Simply put, the keys weren’t helping Trav’ get as many girls as he would have liked, so he decided to direct his passion toward producing. He told Complex, “Growing up I played the drums and then I played piano. I quit playing piano because it wasn’t getting no bitches. I was making beats because, like, the electronic sound was getting all the hoes. Like, ‘I’m a rapper, bitch.’ But when Kanye came out it was like, ‘Yo, that’s producing .’ I was like, ‘Man, like what the f—k? Now I got to learn to make beats?’”

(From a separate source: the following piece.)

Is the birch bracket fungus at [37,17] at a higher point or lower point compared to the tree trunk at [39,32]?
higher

This transition would eventually lead Travis to ditch high school classes to go make beats with the legendary Mike Dean.
His family cut him off.
Well, the estrangement happened when he decided to drop out of the University of Texas. He told Complex, “I was in my room and I was like, ‘F—k this shit.’ I lied to my mom. I was like, ‘Yo, I need mad money for books. I need a new computer.’ And somehow they got me the money and I spent that shit on, like, living. Bought me a plane ticket next day, dipped out to New York, and I started grinding, man.”
Understandably, this series of events led to Travis’ family fully cutting him off.
He once sacrificed his bed for a studio.
In a 2013 interview with DJ Semtex, Scott admitted that during his time in high school, his grind was so serious, “I turned my bedroom into a full-blown studio, like, f—k the bed, f—k everything, man; I slept in a chair. Shit was just, like, real.”